The condition is the most common learning disability in kids and persists all throughout their life. The severity of the processing disorder can vary from mild to severe. The sooner it is diagnosed and treated, the better the long term outcome. However, it is not too late for people with dyslexia to learn to improve their language capabilities.  In the early days of schooling it can go undetected and kids can become frustrated with their inability to read. It is important to understand that there are other issues that can disguise dyslexia in a child such as: 

  • Having signs of depression and low self-esteem in a child
  • Presence of behavioral problems of the child at home and at school
  • Unmotivated child and develops a dislike for school and the success may be jeopardized if the problem is left untreated

Etiology of Dyslexia 

Kids with dyslexia have difficulty in learning to read even with traditional instruction, at least average intelligence, and adequate motivation and chances to learn.  It is believed to be caused by impairment of the processing ability of the brain of phonemes (the smallest units of speech that make words different from one another). The disability does not result in vision or hearing issues and is not due to mental retardation, brain damage or a lack of intelligence.  The causes can vary with the type. For instance, primary dyslexia, most research concentrates on hereditary factors. Researchers have discovered specific genes that potentially contribute to the signs and symptoms of the processing disorder. The research is very important as it can allow identification of children at risk for developing the learning and processing disorder and let earlier educational interventions to commence for better outcomes. 


There are six different types of dyslexia.
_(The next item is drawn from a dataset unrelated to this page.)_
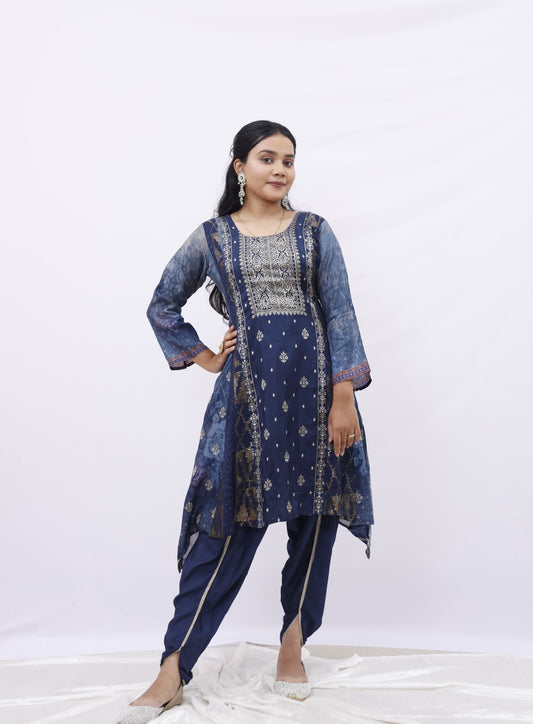 Navy Blue Angrakha Style Kurta Set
  1. Primary – Often is the most common kind and is a dysfunction rather than damage to, the left side of the brain and does not change with age. There is variability in terms of severity of the disability in patients and most who receive timely and appropriate educational intervention will become academically successful throughout their lives. On the other hand, there are others who continue to struggle significantly with reading, writing, and spelling all throughout their adult lives.  Primary dyslexia is passed through family lines through genes or through new genetic mutations and is often found more in boys than in girls. 
  2. Secondary or Developmental – This kind is caused by issues with the brain development during the early stages of fetal development.  Developmental dyslexia wanes as the child matures and is also more common in boys. 
  3. Trauma – This kind usually occurs when there is brain trauma or injury in the area of the brain that controls reading and writing. It is rarely seen in today’s school age children. 
  4. Visual – This is sometimes used to describe a visual processing disorder in children where the brain does not correctly interpret visual signals. 
  5. Auditory — This is known as an auditory processing disorder similar to visual processing disorder, there are issues with the brain’s ability to process sounds and speech. 
  6. Dysgraphia – – The condition refers to the children having difficulty holding and controlling a pencil so that the correct markings can be done on the paper. 
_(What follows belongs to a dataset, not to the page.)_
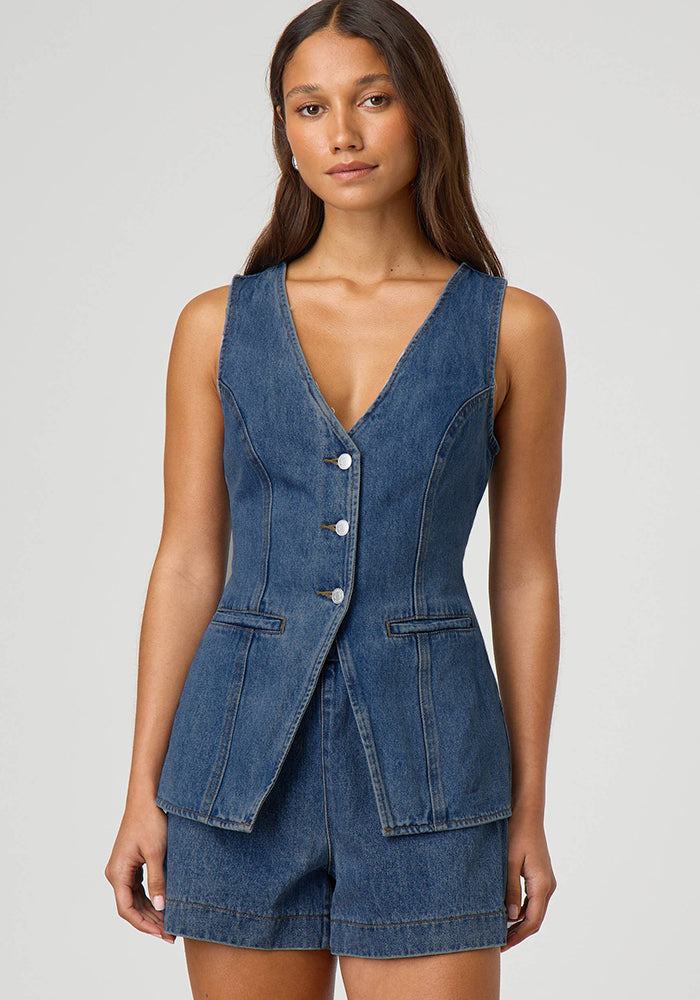 Fashion Casual Sleeveless High-Waist Women's Denim Vest Shorts Two Piece Set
When it comes to dyslexia it is vital that you consult with your pediatrician if you are concerned about the learning development of your children. Moreover, meeting with your child’s teachers is an important step to getting more answers.  On an ideal note, each school should have a team that meets on a regular basis to discuss problems specific that a child may be having.  The team should be comprised of the principal, classroom teacher, and one or more of the following: school psychologist, nurse, speech therapist, reading specialist and other pertinent professionals.